The Ku Klux Klan and hundreds of other white nationalists supremacists came Friday night to Charlottesville, Virginia, ostensibly to object to the city council-ordered removal of a statue of Rebel hero, Robert E. Lee, the Confederate general whose leadership kept the treasonous, pro-slavery secessionists on the Civil War battlefields far longer than likely would otherwise have been the case. But, marching with torches and chanting racist slogans, they didn’t confine themselves to that single twisted cause in the march that took them across the University of Virginia campus. "Jews will not replace us" and "white lives matter" were common shouts.
They have planned a larger “Unite the Right” rally for today, one authorities expect will draw as many as 6,000 people for what the Southern Poverty Law Center says will be the "largest hate-gathering of its kind in decades in the United States."
They will gather at Emancipation Park for the rally, which begins at noon. The counter-protest is expected also to be large. More than 1,000 police and first responders will be on hand, including the largest deployment of Virginia State Police in 30 years will also be on site, Charlottesville City Manager Maurice Jones said. The question in the minds of many foes of the hate rally is no doubt whether those in uniform will protect their free speech, civil rights, and personal safety as they do these brazenly racist neo-Confederates.
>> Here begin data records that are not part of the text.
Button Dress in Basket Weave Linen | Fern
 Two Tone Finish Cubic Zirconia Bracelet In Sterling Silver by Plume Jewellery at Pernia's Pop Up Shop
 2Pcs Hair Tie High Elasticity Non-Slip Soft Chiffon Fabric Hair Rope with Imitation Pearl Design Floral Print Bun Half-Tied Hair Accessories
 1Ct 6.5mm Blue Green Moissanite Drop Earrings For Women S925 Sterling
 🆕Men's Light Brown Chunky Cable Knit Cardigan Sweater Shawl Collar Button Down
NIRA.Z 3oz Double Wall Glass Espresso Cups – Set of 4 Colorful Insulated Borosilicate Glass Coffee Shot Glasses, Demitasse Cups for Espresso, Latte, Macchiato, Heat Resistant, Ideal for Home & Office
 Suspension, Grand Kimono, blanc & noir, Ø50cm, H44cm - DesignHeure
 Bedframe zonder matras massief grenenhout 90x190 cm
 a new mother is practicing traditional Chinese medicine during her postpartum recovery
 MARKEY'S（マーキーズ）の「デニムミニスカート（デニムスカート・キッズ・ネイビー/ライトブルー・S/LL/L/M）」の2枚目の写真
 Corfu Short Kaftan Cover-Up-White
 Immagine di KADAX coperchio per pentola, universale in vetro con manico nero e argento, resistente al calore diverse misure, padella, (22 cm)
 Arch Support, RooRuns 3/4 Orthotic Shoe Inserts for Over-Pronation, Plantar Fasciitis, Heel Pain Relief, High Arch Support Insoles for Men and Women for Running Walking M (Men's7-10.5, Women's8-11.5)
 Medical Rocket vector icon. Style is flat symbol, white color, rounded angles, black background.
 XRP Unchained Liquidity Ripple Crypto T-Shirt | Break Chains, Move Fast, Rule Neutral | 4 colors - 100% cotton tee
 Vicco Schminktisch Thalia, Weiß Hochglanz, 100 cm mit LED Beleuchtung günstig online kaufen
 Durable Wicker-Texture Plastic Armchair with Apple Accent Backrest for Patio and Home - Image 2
From the BBC’s Joel Gunter:
The marchers were tightly organised. They gathered after dark at Nameless Park, where they lit their torches and formed into a line, which snaked out of the park and into the University of Virginia campus.
Almost entirely white and male, and in their twenties and thirties, they chanted "You will not replace us", "Blood and soil", and "Our streets".
They marched through the campus to the university's statue of Thomas Jefferson, where they were met by a small group of counter-protesters. One of the counter-protesters apparently sprayed pepper spray at the marchers and the two groups clashed violently. Police moved in and the marchers extinguished their torches, filling the hot air with acrid smoke.